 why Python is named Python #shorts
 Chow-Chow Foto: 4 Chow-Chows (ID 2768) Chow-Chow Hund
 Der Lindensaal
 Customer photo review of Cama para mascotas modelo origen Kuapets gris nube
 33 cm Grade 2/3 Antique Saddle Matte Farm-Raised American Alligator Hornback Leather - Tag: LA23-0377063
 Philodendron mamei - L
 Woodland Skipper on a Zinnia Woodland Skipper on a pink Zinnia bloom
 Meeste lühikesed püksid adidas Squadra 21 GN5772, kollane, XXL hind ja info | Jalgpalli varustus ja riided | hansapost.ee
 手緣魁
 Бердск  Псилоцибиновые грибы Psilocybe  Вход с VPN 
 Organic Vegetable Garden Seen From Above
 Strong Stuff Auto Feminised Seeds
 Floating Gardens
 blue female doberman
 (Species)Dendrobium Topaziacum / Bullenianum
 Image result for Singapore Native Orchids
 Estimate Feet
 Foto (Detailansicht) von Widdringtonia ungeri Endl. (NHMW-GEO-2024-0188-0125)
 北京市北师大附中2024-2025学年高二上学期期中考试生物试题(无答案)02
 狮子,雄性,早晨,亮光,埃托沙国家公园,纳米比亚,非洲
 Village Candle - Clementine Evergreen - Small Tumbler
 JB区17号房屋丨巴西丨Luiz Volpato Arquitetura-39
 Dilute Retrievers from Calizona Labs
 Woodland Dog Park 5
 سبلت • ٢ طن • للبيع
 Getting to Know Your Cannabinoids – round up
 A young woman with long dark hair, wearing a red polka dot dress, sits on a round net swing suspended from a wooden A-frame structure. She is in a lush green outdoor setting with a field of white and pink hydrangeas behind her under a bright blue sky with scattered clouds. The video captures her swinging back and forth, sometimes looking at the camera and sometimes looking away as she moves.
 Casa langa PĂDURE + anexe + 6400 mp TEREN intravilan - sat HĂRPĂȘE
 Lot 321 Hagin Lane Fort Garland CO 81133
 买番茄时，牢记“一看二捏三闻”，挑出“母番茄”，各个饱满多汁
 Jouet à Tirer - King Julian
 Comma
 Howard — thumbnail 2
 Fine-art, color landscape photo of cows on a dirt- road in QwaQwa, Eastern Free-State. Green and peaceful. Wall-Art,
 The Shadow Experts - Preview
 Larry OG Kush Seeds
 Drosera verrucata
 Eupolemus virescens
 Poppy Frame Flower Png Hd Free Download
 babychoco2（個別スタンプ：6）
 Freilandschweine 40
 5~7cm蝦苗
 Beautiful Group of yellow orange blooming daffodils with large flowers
== == ==
Reproduce each line of the entries above from the one containing "Lot 321 Hagin Lane Fort Garland CO 81133" through the last, exactly, and no other line.

 Lot 321 Hagin Lane Fort Garland CO 81133
 买番茄时，牢记“一看二捏三闻”，挑出“母番茄”，各个饱满多汁
 Jouet à Tirer - King Julian
 Comma
 Howard — thumbnail 2
 Fine-art, color landscape photo of cows on a dirt- road in QwaQwa, Eastern Free-State. Green and peaceful. Wall-Art,
 The Shadow Experts - Preview
 Larry OG Kush Seeds
 Drosera verrucata
 Eupolemus virescens
 Poppy Frame Flower Png Hd Free Download
 babychoco2（個別スタンプ：6）
 Freilandschweine 40
 5~7cm蝦苗
 Beautiful Group of yellow orange blooming daffodils with large flowers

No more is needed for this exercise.